The fool on the hill

By mooncoin

Full circle

Nineteen or twenty years ago when I was a bit naughty and working for a hang glider/microlight manufacturer, I sort of got semi-involved with prototype testing. One week (when the boss must have been away and the designer definitely was away) I decided to build a semi-official second prototype of the middle sized glider. I asked the sailmaker to make the sail in the most undesirable colour combination that she could come up with - the idea being that no one would want it and so I'd be free to go and fly it whenever I pleased... and maybe even offer to 'take it off their hands' if it became an embarrassment to the company image. The frame was made out of bits scrounged from old gliders or the scrap bin. It flew okay but we had to reconfigure the sail to remove unsightly rucks and wrinkles - so as a prototype it did serve its purpose. I was happy. I flew it a few times and all was well. Then it got borrowed by the designer (how cheeky is that!) and got crashed and that's the last I ever saw of it. Not long afterwards I left the company to go and earn a more realistic wage.
Last month I met a chap called Murray and he told me he had 'my' old glider and he ended up giving it to me.

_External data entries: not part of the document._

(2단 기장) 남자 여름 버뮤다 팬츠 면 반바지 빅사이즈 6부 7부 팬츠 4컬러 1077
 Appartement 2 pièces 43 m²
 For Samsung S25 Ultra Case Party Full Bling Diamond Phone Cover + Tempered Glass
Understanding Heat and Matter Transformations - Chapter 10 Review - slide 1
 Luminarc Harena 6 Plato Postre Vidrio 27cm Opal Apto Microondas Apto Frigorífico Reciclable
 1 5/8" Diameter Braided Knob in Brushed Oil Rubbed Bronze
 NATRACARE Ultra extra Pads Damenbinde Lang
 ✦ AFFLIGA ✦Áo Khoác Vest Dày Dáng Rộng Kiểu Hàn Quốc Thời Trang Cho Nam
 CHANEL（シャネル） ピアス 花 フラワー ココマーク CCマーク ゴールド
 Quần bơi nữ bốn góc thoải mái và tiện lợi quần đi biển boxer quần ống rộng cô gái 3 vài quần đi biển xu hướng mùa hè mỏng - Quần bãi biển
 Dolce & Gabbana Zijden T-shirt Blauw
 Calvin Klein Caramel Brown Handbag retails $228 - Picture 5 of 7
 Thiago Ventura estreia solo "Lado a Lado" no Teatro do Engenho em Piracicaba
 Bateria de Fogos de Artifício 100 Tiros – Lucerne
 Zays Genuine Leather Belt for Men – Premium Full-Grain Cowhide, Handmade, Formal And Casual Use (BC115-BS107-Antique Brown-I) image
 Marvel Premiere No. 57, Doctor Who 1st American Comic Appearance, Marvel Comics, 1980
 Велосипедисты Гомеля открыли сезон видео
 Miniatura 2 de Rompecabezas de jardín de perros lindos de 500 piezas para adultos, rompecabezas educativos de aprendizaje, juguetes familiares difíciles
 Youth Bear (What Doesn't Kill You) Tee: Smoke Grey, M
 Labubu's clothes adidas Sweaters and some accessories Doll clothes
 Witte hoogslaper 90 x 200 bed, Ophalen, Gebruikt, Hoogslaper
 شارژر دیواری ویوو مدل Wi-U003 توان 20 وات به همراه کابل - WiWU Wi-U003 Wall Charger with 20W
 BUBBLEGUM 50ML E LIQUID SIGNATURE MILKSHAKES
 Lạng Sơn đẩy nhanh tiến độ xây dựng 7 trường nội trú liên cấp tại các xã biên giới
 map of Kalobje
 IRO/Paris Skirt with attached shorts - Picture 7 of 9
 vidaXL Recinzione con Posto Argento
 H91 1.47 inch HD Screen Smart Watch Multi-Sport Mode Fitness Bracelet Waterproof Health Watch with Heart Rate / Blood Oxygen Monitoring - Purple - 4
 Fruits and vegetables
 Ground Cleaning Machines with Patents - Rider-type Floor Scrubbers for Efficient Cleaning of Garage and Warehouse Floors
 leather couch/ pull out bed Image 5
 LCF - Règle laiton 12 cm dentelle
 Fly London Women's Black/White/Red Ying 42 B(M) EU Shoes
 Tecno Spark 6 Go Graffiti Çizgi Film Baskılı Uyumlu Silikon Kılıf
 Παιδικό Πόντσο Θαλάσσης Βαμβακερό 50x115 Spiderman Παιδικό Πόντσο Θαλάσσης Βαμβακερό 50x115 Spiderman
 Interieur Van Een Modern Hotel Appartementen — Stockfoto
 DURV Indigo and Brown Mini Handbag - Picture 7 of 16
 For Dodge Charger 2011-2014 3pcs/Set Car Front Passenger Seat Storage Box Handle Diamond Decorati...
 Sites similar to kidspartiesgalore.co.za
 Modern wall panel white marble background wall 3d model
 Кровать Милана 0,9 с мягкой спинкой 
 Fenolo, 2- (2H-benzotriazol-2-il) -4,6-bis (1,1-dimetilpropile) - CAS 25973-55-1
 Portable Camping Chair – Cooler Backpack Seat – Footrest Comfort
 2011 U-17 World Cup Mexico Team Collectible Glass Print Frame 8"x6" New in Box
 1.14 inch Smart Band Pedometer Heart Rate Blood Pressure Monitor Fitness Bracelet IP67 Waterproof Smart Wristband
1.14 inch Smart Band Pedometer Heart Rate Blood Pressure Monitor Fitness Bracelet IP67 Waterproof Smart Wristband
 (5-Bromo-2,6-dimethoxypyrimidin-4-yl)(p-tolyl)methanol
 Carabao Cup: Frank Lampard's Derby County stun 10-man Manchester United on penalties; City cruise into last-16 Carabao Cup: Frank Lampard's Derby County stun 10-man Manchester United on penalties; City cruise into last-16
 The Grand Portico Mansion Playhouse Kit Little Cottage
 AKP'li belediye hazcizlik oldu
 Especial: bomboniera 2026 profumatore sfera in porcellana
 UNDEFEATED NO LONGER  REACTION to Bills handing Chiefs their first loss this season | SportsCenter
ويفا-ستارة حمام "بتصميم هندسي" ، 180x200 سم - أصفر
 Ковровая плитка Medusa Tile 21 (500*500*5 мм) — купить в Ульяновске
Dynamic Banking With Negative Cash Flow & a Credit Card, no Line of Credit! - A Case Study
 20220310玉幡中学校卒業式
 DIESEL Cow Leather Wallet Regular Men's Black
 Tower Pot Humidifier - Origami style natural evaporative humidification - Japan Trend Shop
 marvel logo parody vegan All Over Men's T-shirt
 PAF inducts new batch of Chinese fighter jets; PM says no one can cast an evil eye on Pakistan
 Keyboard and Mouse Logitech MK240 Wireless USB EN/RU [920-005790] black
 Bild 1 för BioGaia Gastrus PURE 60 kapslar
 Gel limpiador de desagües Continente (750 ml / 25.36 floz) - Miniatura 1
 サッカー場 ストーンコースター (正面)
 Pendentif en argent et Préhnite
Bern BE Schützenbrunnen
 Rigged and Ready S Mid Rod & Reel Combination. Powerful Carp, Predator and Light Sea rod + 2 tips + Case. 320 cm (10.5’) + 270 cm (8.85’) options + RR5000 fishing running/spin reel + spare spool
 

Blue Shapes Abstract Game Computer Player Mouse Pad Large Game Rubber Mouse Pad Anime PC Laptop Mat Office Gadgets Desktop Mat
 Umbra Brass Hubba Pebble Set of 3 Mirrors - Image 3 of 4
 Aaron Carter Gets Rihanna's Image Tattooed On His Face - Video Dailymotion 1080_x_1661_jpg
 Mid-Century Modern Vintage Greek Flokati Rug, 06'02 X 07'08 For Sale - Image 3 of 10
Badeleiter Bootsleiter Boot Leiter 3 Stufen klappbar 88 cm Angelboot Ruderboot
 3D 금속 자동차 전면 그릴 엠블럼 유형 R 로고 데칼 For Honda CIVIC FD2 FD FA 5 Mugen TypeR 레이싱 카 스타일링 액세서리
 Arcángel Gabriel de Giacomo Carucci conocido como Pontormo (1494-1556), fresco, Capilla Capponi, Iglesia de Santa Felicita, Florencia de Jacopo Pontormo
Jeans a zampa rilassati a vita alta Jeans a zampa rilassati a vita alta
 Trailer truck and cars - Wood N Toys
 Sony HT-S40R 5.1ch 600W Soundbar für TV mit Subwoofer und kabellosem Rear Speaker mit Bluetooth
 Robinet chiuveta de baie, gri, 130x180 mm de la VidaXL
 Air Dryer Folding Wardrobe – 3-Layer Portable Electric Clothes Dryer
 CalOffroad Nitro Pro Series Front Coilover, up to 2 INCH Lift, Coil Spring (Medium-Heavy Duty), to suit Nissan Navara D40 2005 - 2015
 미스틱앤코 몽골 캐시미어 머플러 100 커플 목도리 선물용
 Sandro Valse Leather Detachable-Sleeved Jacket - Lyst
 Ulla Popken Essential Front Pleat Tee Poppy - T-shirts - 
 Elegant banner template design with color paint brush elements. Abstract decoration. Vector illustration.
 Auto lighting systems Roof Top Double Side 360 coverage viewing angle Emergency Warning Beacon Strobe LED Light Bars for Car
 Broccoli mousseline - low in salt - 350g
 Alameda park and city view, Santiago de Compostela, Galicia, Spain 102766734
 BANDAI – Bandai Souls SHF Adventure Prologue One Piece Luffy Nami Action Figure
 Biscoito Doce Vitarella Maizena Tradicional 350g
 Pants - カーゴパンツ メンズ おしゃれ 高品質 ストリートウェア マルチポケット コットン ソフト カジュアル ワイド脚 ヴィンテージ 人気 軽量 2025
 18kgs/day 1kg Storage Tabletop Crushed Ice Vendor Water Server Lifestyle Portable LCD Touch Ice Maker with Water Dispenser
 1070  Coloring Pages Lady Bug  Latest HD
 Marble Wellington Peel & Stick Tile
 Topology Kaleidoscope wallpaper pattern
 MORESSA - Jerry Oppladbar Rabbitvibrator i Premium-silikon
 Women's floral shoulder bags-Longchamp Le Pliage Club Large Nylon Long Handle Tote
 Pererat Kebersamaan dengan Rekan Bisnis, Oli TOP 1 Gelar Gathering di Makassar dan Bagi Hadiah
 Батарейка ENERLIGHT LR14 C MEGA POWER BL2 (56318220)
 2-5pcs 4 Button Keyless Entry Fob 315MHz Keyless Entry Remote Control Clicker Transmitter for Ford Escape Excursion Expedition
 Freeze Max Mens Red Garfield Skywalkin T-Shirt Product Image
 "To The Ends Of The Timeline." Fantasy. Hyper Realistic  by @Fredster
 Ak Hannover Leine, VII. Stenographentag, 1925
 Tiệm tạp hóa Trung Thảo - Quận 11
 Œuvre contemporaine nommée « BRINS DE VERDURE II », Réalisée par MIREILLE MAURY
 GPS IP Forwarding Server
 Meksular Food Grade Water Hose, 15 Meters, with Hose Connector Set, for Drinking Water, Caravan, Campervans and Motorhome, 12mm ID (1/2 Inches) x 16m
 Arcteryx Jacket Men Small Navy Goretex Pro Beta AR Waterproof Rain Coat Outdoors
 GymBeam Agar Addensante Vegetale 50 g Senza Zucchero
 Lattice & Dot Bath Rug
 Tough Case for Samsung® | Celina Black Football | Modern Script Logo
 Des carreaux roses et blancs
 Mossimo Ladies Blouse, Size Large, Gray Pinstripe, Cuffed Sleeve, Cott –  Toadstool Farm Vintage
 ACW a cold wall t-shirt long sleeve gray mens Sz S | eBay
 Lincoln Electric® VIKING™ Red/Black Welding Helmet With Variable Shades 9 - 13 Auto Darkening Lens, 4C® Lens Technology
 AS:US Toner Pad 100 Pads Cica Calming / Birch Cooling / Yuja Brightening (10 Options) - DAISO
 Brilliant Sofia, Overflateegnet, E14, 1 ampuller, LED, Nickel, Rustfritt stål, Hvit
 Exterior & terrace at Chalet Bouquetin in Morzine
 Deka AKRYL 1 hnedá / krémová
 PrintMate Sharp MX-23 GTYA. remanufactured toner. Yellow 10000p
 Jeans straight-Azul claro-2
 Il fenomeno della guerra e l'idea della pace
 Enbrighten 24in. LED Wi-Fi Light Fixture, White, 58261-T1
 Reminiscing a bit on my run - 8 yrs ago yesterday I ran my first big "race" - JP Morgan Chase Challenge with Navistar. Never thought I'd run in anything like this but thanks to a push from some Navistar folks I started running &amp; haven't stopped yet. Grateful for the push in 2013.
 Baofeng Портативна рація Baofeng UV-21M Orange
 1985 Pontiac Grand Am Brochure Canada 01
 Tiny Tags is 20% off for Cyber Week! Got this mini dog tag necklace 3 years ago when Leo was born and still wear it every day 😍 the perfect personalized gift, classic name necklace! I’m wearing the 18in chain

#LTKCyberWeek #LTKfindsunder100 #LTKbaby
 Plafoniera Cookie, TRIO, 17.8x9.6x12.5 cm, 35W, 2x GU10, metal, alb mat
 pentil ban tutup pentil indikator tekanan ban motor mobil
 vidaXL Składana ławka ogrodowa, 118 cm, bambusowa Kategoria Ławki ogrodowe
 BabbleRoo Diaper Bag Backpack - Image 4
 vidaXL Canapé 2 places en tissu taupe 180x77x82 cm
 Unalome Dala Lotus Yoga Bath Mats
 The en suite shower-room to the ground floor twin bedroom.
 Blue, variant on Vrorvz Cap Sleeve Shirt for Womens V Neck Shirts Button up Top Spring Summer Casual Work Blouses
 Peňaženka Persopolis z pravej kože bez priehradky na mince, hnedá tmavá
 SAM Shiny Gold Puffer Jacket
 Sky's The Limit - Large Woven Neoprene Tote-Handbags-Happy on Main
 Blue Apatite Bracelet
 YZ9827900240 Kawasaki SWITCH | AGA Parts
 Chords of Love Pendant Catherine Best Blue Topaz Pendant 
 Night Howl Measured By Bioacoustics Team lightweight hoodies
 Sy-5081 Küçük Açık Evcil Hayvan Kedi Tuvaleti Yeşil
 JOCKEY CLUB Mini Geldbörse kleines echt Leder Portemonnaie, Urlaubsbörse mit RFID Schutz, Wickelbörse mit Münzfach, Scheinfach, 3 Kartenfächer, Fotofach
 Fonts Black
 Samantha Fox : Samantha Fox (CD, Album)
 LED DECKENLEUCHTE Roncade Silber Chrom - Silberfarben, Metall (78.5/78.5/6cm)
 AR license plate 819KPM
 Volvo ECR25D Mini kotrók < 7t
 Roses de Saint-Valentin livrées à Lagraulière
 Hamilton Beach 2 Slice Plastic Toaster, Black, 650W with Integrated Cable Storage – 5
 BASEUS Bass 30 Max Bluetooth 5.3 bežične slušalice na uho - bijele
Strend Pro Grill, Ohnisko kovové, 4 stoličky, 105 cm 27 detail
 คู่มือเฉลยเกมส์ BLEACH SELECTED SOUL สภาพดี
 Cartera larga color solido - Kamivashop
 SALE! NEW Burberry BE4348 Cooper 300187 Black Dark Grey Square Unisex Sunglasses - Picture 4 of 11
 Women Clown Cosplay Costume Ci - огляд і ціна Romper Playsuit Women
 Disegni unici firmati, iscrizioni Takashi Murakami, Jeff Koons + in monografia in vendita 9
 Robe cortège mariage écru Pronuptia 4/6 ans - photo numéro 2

And so my cunning plan to get a free glider eventually came to fruition! I did offer to buy it from him but he declined. To be honest I can see why: It is well-shagged. Some of the scrap bin tubing is still in evidence, as are the old stitching holes where we repositioned the sail. I might fly it just for old time's sake - but I think I'd better take it to bits first and check it over because, like I say, it's well shagged - although it was always a bit shagged, even when new.
My mate Ed came up with the best description of the emotional dichotomy involved with obtaining a cheap or free flying machine: On the ground you're bragging to your mates how "I only paid fifty quid for it!" Two thousand feet above the ground and you're looking at every component and thinking "Bloody hell, I only paid fifty quid!"